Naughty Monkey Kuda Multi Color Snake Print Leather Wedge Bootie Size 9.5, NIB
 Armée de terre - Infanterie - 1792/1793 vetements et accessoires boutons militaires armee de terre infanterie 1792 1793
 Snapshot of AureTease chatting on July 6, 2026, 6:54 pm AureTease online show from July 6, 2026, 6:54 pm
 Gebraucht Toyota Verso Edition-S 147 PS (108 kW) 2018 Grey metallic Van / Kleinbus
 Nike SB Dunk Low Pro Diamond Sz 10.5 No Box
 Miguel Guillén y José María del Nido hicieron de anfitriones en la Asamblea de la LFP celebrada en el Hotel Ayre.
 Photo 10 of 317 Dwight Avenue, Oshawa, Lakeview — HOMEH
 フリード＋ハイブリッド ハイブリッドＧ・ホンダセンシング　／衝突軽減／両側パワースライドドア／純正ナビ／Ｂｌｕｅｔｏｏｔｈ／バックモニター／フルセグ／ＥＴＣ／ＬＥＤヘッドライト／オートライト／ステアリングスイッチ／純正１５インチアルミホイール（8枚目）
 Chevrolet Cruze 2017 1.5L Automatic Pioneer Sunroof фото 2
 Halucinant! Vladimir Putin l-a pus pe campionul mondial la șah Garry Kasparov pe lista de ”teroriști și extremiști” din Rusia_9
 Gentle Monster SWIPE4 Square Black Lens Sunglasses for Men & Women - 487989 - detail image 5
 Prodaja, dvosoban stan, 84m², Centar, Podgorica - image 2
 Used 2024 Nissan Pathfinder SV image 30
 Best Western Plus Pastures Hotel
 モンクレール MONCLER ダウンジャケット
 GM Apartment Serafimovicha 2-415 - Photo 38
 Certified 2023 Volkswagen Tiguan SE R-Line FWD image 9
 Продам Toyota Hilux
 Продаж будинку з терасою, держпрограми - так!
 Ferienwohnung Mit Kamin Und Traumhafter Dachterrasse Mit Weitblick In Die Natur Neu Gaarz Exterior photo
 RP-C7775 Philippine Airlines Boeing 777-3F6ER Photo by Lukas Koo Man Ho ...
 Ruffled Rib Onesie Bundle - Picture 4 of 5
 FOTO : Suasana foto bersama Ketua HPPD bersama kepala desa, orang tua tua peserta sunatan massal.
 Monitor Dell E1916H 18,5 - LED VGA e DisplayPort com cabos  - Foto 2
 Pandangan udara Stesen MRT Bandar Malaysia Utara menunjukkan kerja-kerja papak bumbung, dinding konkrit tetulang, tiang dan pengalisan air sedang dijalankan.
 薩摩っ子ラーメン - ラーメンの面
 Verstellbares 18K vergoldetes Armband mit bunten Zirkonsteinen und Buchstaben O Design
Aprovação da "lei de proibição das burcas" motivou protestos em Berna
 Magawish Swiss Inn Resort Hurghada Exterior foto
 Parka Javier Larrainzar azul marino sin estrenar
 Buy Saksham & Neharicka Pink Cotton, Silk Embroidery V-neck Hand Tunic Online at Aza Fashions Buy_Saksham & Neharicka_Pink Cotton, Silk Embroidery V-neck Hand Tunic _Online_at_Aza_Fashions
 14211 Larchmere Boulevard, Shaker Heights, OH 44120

-.-.-

#### INSTRUCTIONS FOR THE TASK
Transcription of all the material must be exact.

#### EXERCISE OUTPUT
Naughty Monkey Kuda Multi Color Snake Print Leather Wedge Bootie Size 9.5, NIB
 Armée de terre - Infanterie - 1792/1793 vetements et accessoires boutons militaires armee de terre infanterie 1792 1793
 Snapshot of AureTease chatting on July 6, 2026, 6:54 pm AureTease online show from July 6, 2026, 6:54 pm
 Gebraucht Toyota Verso Edition-S 147 PS (108 kW) 2018 Grey metallic Van / Kleinbus
 Nike SB Dunk Low Pro Diamond Sz 10.5 No Box
 Miguel Guillén y José María del Nido hicieron de anfitriones en la Asamblea de la LFP celebrada en el Hotel Ayre.
 Photo 10 of 317 Dwight Avenue, Oshawa, Lakeview — HOMEH
 フリード＋ハイブリッド ハイブリッドＧ・ホンダセンシング　／衝突軽減／両側パワースライドドア／純正ナビ／Ｂｌｕｅｔｏｏｔｈ／バックモニター／フルセグ／ＥＴＣ／ＬＥＤヘッドライト／オートライト／ステアリングスイッチ／純正１５インチアルミホイール（8枚目）
 Chevrolet Cruze 2017 1.5L Automatic Pioneer Sunroof фото 2
 Halucinant! Vladimir Putin l-a pus pe campionul mondial la șah Garry Kasparov pe lista de ”teroriști și extremiști” din Rusia_9
 Gentle Monster SWIPE4 Square Black Lens Sunglasses for Men & Women - 487989 - detail image 5
 Prodaja, dvosoban stan, 84m², Centar, Podgorica - image 2
 Used 2024 Nissan Pathfinder SV image 30
 Best Western Plus Pastures Hotel
 モンクレール MONCLER ダウンジャケット
 GM Apartment Serafimovicha 2-415 - Photo 38
 Certified 2023 Volkswagen Tiguan SE R-Line FWD image 9
 Продам Toyota Hilux
 Продаж будинку з терасою, держпрограми - так!
 Ferienwohnung Mit Kamin Und Traumhafter Dachterrasse Mit Weitblick In Die Natur Neu Gaarz Exterior photo
 RP-C7775 Philippine Airlines Boeing 777-3F6ER Photo by Lukas Koo Man Ho ...
 Ruffled Rib Onesie Bundle - Picture 4 of 5
 FOTO : Suasana foto bersama Ketua HPPD bersama kepala desa, orang tua tua peserta sunatan massal.
 Monitor Dell E1916H 18,5 - LED VGA e DisplayPort com cabos  - Foto 2
 Pandangan udara Stesen MRT Bandar Malaysia Utara menunjukkan kerja-kerja papak bumbung, dinding konkrit tetulang, tiang dan pengalisan air sedang dijalankan.
 薩摩っ子ラーメン - ラーメンの面
 Verstellbares 18K vergoldetes Armband mit bunten Zirkonsteinen und Buchstaben O Design
Aprovação da "lei de proibição das burcas" motivou protestos em Berna
 Magawish Swiss Inn Resort Hurghada Exterior foto
 Parka Javier Larrainzar azul marino sin estrenar
 Buy Saksham & Neharicka Pink Cotton, Silk Embroidery V-neck Hand Tunic Online at Aza Fashions Buy_Saksham & Neharicka_Pink Cotton, Silk Embroidery V-neck Hand Tunic _Online_at_Aza_Fashions
 14211 Larchmere Boulevard, Shaker Heights, OH 44120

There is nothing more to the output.